* [EXERCISE DETAILS]
Return, exactly, the line that contains "Determinantlar" together with all lines after it to the end of the entries, and no further lines.

[Data records]
################
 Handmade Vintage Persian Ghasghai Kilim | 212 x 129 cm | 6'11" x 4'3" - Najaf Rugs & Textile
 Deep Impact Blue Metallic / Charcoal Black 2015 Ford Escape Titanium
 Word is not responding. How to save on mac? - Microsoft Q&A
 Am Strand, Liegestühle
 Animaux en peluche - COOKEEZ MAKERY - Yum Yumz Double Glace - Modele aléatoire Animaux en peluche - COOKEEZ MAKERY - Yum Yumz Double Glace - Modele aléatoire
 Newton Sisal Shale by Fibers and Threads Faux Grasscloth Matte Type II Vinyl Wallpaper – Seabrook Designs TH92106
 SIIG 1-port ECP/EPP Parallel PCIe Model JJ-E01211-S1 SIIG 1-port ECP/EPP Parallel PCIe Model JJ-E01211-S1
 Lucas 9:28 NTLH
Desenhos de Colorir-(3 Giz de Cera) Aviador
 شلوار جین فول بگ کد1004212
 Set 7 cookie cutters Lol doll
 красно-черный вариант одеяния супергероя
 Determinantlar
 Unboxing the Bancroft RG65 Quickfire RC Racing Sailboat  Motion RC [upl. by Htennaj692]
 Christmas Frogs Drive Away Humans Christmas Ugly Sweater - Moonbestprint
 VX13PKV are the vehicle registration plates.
################
* [RESPONSE BOX]
 Determinantlar
 Unboxing the Bancroft RG65 Quickfire RC Racing Sailboat  Motion RC [upl. by Htennaj692]
 Christmas Frogs Drive Away Humans Christmas Ugly Sweater - Moonbestprint
 VX13PKV are the vehicle registration plates.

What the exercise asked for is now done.